It does seem to me that, as with economic models which assume that behavior does not change in response to tax rates–which of course is ludicrous, since people will work harder for two dollars than one dollar–much of the consensus about the future rests upon an assumption that only elites have the brainpower to change their behavior in response to changed circumstances.
I read this MIT “computer model” predicts global decline by 2020. Certainly, the Rockefellers and their ilk likely have the power to wreck just about everything economically. One of their people is always in a position of some influence at the Fed, and who knows what else they control via an extended set of strings. The Fed could cause a Depression tomorrow. Ponder that for a moment. None of them are elected, none of them are accountable to anyone, and we don’t even know for sure who the member banks are. It is classified, or so I read some time ago. The Fed is invitation only, extended via stock created for the purpose, which is non-transferable. This beast is in the heart of our world, and its tentacles on every street corner, every restaurant, every skyscraper, every car, every home, and in the air around the world.

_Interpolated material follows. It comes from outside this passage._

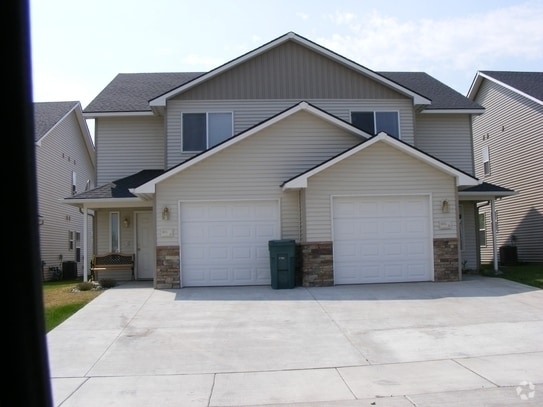 Building Photo - 3484 Vela Pl Unit 3484 Vela Pl #B Rental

Be that as it may, my view is that if we can shift from a model of happiness and economic output based on mechanized, habitual consumption, to something more organic, more healthful, more natural to how humans have evolved to live, more congruent with “LIFE”, in all the senses of that term, then all these problems disappear. All the problems to which tyranny is the proposed solution vanish, making the essential power mongering and psychopathy underlying what no doubt appears benign rhetoric at times to be revealed as what it is.
All problems are simultaneously adventures. None of this is boring. Far from it.